Scratchpad

Maintain structured working state inside the context window: a running plan, a list of findings, a set of decisions made so far. Without an explicit scratchpad, the model reconstructs its state from raw conversation history on every turn, and gets worse at it as the conversation grows.

ACE Framework (Stanford/SambaNova) , Memex(RL): Indexed Experience Memory

The Problem This Solves

An agent working through a multi-step task accumulates context with each action: tool calls, file reads, user clarifications, intermediate results. By turn 15, the raw conversation history contains the full trace of everything the agent did, but the current state of the task is scattered across dozens of messages. What’s done, what’s pending, what’s been decided: none of it lives in one place. The model has to reconstruct that state from the full history on every turn, and context rot means it gets worse at this as the window fills up.

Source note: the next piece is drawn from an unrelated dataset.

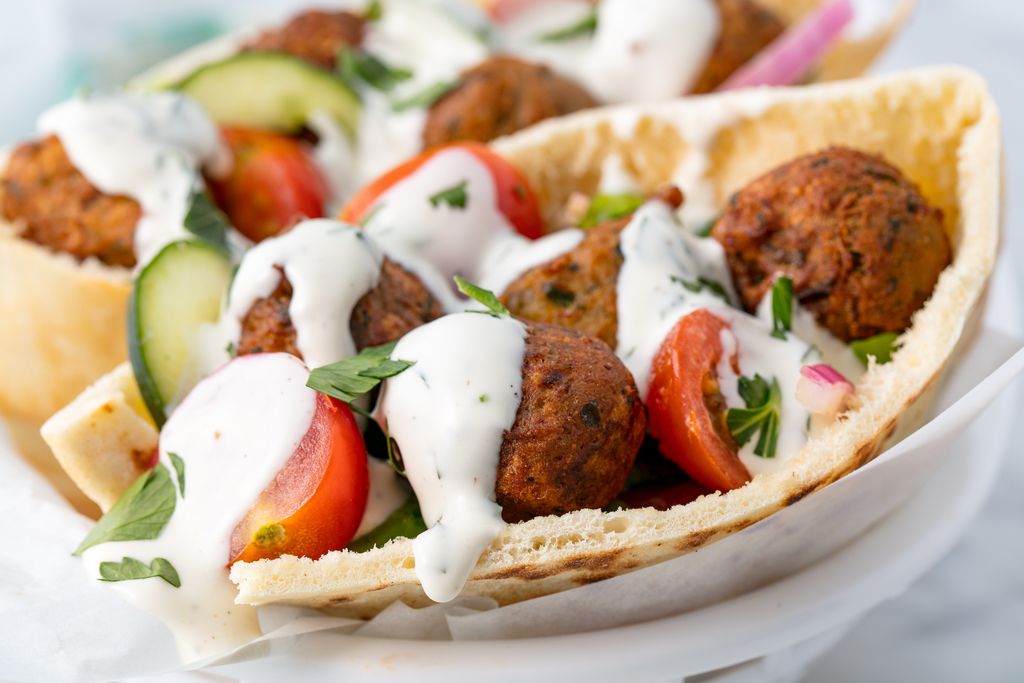 falafel in pita bread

The result is an agent that forgets earlier decisions, revisits work it already completed, or loses track of which sub-tasks are still outstanding. The information is technically in the context, but the model can no longer reliably extract it from the noise.

How It Works

Maintain a structured block of working state that gets updated with each turn and placed in a consistent location within the context window. The scratchpad isn’t a summary of what happened. It’s a snapshot of the current state: what the model knows right now, what it has decided, and what remains.

A scratchpad contains:

Current plan: The list of steps, with completed ones marked and the current step highlighted. This prevents the model from re-deriving the plan from conversation history.
Key findings: Facts discovered during execution, stated directly. “The auth module uses JWT with RS256” rather than a reference to the turn where this was discovered.
Decisions made: Choices the agent committed to and the reasoning behind them, so it doesn’t reconsider settled questions on later turns.
Open questions: Things the agent still needs to resolve, preventing them from being silently dropped as context grows.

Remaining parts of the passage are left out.